Esprit Libre : Vous avez gagné le Prix Kieslowski pour le scénario du court-métrage " Des fleurs pour Irma " (tourné avec Annie Girardot)
? Qu'est-ce que ça a changé pour vous ?
Eric Lacroix : C'est un coup de chance énorme. Après ces années dans l'assistanat, je me suis rendu compte qu'il était difficile de poursuivre
dans ce métier tout en menant mes projets personnels. Les choses se sont alors enchaînées. J'avais réalisé un premier court-métrage
en noir et blanc que j'avais financé moi-même, puis j'ai rencontré Thierry Zamparutti qui a financé mon deuxième court ("
Nous ne sommes pas les derniers "). Et c'est lui qui m'a parlé du concours... Mon ex-copine, Anne Fournier, m'a poussé à écrire
le scénario (elle y a d'ailleurs participé grandement). Puis on l'a emporté sur... 1500 participants ! Morale de l'histoire
: il faut tout tenter parce que les bonnes choses n'arrivent pas qu'aux autres !
Esprit Libre : Quelles qualités faut-il avoir pour réaliser des films ?
Eric Lacroix : Il faut de la patience, de l'imagination, un sens très pragmatique de la mise en scène. Puis surtout, savoir gérer, motiver
une équipe, comme un chef d'orchestre. Réaliser, c'est un peu savoir utiliser le talent des autres. Il faut aussi être capable
de saisir sa chance...
Esprit Libre : Vous travaillez sur un projet de long-métrage ?
Eric Lacroix : Avec quatre court-métrages et l'aide à l'écriture que j'ai obtenue pour un long-métrage, je pensais que ça se mettrait en
place. Mais ce n'est pas si simple. J'ai plusieurs projets de scénarios de " longs " ; notamment une histoire assez sombre
qui fait un peu peur aux producteurs potentiels. J'ai aussi un projet de téléfilm... En attendant, j'envisage de mettre en
route un autre court-métrage pour garder le rythme.
Esprit Libre : Est-ce qu'on se dit à un moment : je vais gagner ma vie en réalisant des films ?
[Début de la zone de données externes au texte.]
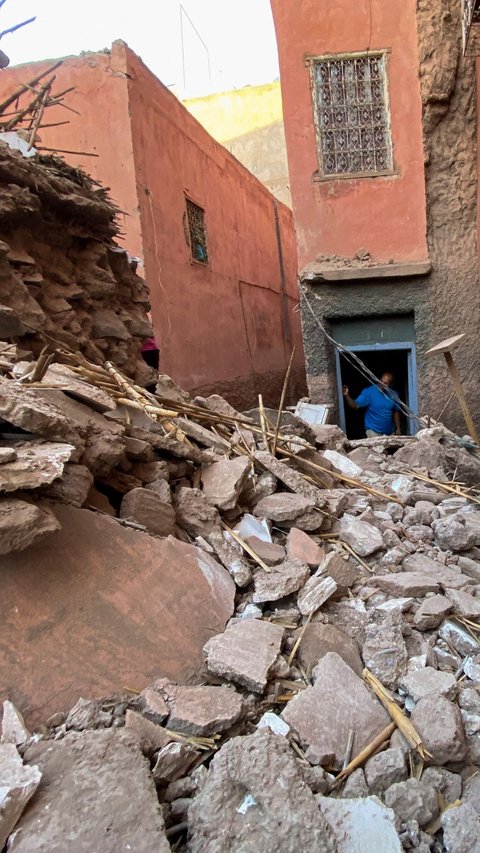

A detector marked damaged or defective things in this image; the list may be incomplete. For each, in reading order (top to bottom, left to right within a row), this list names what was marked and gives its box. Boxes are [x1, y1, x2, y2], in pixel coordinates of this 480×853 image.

Eric Lacroix : Il ne faut pas avoir ce genre d'objectif ! Il faut de la passion et de la patience. L'argent peut venir ou ne pas venir, ce
n'est pas l'essentiel. Par ailleurs, ce métier apporte d'autres bonheurs, il réserve de bons moments : j'ai récemment été
à Acapulco pour un Festival du film français auquel j'étais invité. J'ai passé six jours fabuleux là-bas. Ceci dit, les organisateurs
se sont rendu compte, dans l'avion, que j'étais... Belge (rires) !
Alain Dauchot
|
Eric Lacroix, la trentaine, a failli mal tourner : il aurait pu être avocat ! C'est lui qui le dit en tout cas. Une personnalité
bien trempée et une licence " ELICIT " (ULB) sous le bras en ont décidé autrement : c'est sur grand écran qu'il rêve à présent
de transformer ses scénarios en films. En attendant, il se consacre aux courts-métrages. Son petit dernier, " La paille et
la poutre ", a récemment été programmé à la RTBF et a fait bon nombre de festivals. Parcours.